'91 Lincoln Continental
Latin Kustoms Car Club
If you have a hydraulics setup that hits back bumper or is making you "go for broke," email some images along with basic information to: email@example.com.
Robert Robledo started his lowriding days when he joined the Latin Kustoms Car Club in 1996. His buddies Mark and Mosca got him in the club because he was into fixing and building street cruisers. Robert's day-to-day job is managing his successful trucking business, but he's a lowrider builder in his spare time. Since the beginning, he's always helped his fellow car club members fix up their cars by using his knowledge of hydraulics and frame reinforcing. He built some fully custom show cars that have been featured in Lowrider, like "Hood Rich" and "Hood Certified," but he got into street hopping after watching everyone from his 'hood hit the streets and switches, while competing with each other at picnics and car shows.
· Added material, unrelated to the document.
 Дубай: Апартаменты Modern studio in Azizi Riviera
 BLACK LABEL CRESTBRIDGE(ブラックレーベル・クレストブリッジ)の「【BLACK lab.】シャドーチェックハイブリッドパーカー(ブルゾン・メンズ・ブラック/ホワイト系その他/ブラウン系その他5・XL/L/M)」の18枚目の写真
After owning those few show cars, he decided to build a hopper that was going to make a name on the streets. Robert decided to go with the Lincoln Continental because of its longer wheelbase, plus everyone else was hopping Monte Carlos and Cutlasses. Robert installed a four-pump setup, two of which were used for the hopping. The setup includes 8-inch cylinders and 3 1/2-ton springs in the front, and 26-inch cylinders for the rear with 4 1/2-ton springs. It's powered by 14 batteries and is held in place by a custom battery rack that was built to stand the abuse from the bounce of the hydraulics.
The Lincoln was dubbed "Hood Hopper" because it's winning all over the 'hoods in Texas. Robert is willing and able to travel four hours to serve somebody up. He was crowned "King of the Streets" in Dallas and Houston in 2008. He knows that the competition is getting better and better each day with more competitors building street hoppers. Robert knows he has nothing to worry about because he has his club backing him up when something goes wrong. Just to give you an example of how his members help out, while doing this photo shoot, the pocket of the cylinder broke in a few places. Robert fixed it on the spot by using his homey's mobile welding machine, and in less than 20 minutes had it hopping over 85 inches until the back bumper hit the pavement on the third hit of the switch. The Lincoln has taken a small break to get rebuilt but it will be ready to serve up more competition on the streets soon. So if you think you're up to meeting with him at the next picnic or car show, be prepared to get hood hopped and served.